Au XXIe siècle et avec le rôle que joue l’anglais en tant que langue de la mondialisation, nous abordons rarement le thème de la langue comme acteur principal dans la construction des nations modernes. Nous devenons moins enclins à nous poser des questions concernant la langue qu’on utilise au quotidien.
Depuis sa création et puis son indépendance, le Liban connaît une crise identitaire qui continue à prendre de nouvelles formes avec la succession des années. Le confessionnalisme avant même l’indépendance du pays, la guerre civile, la division des rôles politiques entre sunnites, chiites et chrétiens prouvent le déchirement d’une communauté rassemblée géographiquement. Cela ne ressemble sans doute pas à la nation dont a parlé Benedict Andersen, où les individus sont rassemblés mentalement. Ce problème millénaire est géographique, sociologique, politique mais aussi linguistique.
On commence à s'imaginer le profil d’un libanais, selon son lieu de résidence, son nom, son nom de famille, ses orientations politiques mais aussi sa langue, voire son accent. La question religieuse est celle qui nous vient tout de suite en tête, comme facteur de différences, mais la question linguistique, elle, est masquée et joue un rôle fondamental dans ce paroxysme libanais.
Bien que nous ayons une langue plus ou moins commune qui est le libanais, nous choisissons de parler en français ou en anglais, afin d’illustrer notre position politique et identitaire. Les langues étrangères sont des outils pour manifester un certain refus d’une arabité, c’est un choix plus ou moins politique qui rend la personne politiquement engagée dans la réalisation de cette identité. Le « conflit » arabo-phénicien est concrétisé par cette guerre linguistique.
Mais ce que tous les Libanais ont en commun c’est le libanais. Une langue et non pas un dialecte. Puisque, même les personnes penchant vers un « nationalisme arabe », ne parlent pas le fousha, ou l’arabe littéraire couramment ; ils sont incapables de le faire d’une façon quotidienne.

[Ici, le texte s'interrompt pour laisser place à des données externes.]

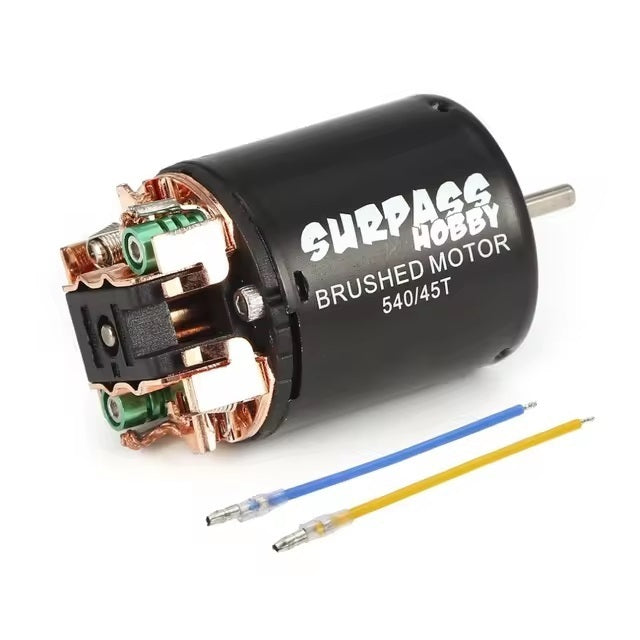 Surpass Hobby 540 Brushed Motor 45T 3 Slot SUR-054000-23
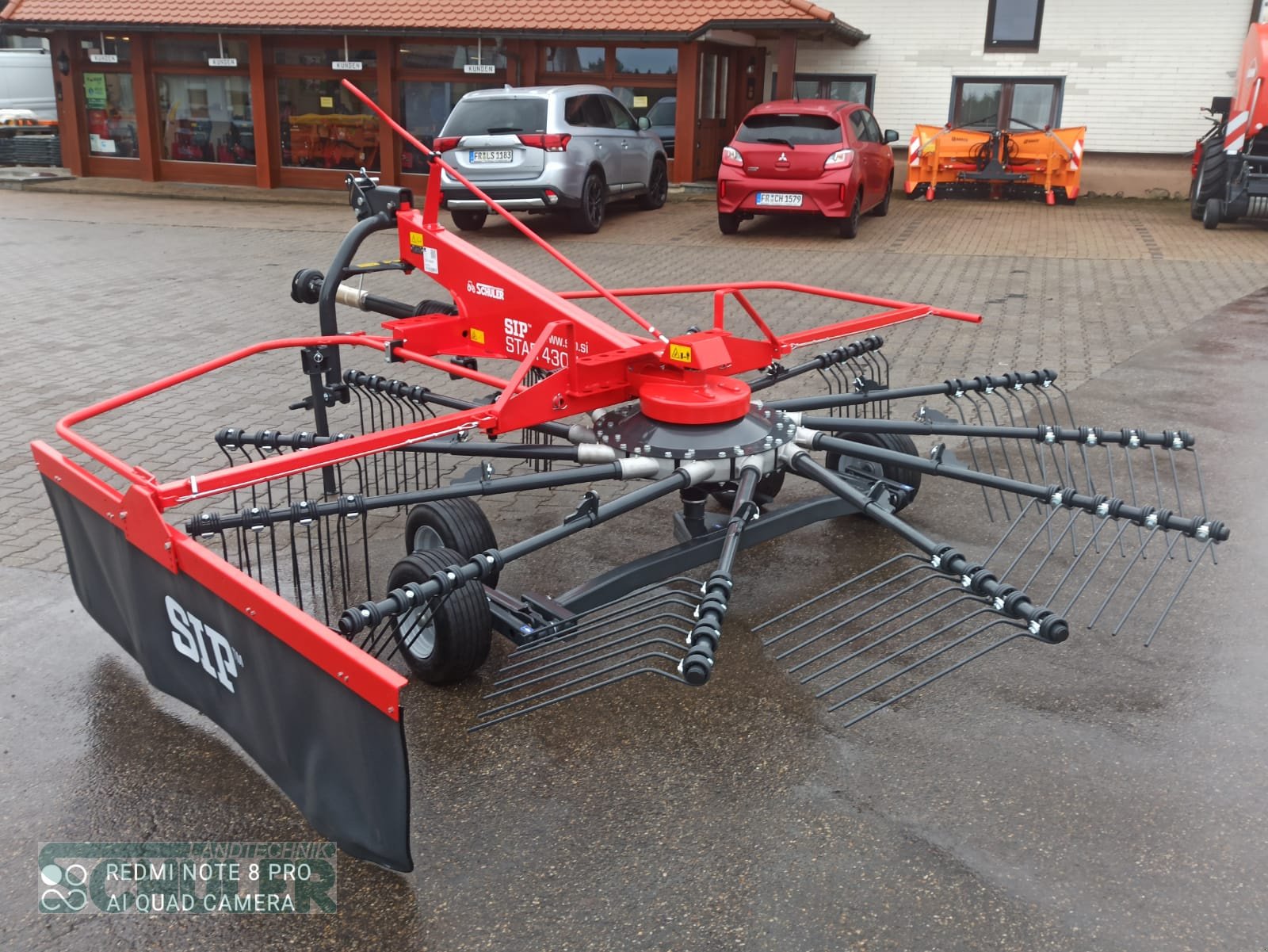 Schwader του τύπου SIP Star430/12, Neumaschine σε St. Märgen (Φωτογραφία 8)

Toutefois, la fragilité de cette langue réside dans le manque de ressources, mais aussi par le fait que ce n’est pas une langue écrite.
C’est vrai que nombreux pays, comme la Suisse, la Belgique, le Canada, le Maroc… se dotent de plusieurs langues officielles, et que la division géolinguistique a été rendue de jure. Or ce qui est différent au Liban c’est que nous possédons une langue commune, que nous pouvons qualifier de nationale. Comme la Turquie de Kemal Atatürk, la langue Turque écrite en alphabet latin est une création récente. L’Empire ottoman avait adopté l’écriture en motif arabe. Avec les crises nationalistes qui ont touché cet empire multinational et multi-ethnique vers la fin du 19e siècle, son démantèlement à la suite de la Première Guerre mondiale et la création de la République Turque, Atatürk a instauré des changements majeurs afin de reconstruire cette nation. Un changement qui a bien marqué cette modernisation culturelle du pays, a donc été cette modernisation linguistique. Cela a non seulement permis, à la jeune République Turque de rompre avec les pays arabes voisins mais aussi de s’intégrer dans la modernisation et dans la mondialisation tout en protégeant sa propre culture et sa propre spécificité.
Au Liban des propositions et des tentatives de « création » d’une langue, ayant ses propres règles, conjugaison, grammaire…ont été faites mais le travail n’a jamais continué et on s’est toujours arrêté. Nous pouvons citer l’écrivain libanais, Saïd Akl, qui a joué un rôle prééminent dans le développement d’une telle langue. De nos jours, la musique au Liban, peut-être même sans le savoir, est un marquer explicite de cette singularité linguistique. On parle notamment de la bande Adonis qui chante en « Lebnene ».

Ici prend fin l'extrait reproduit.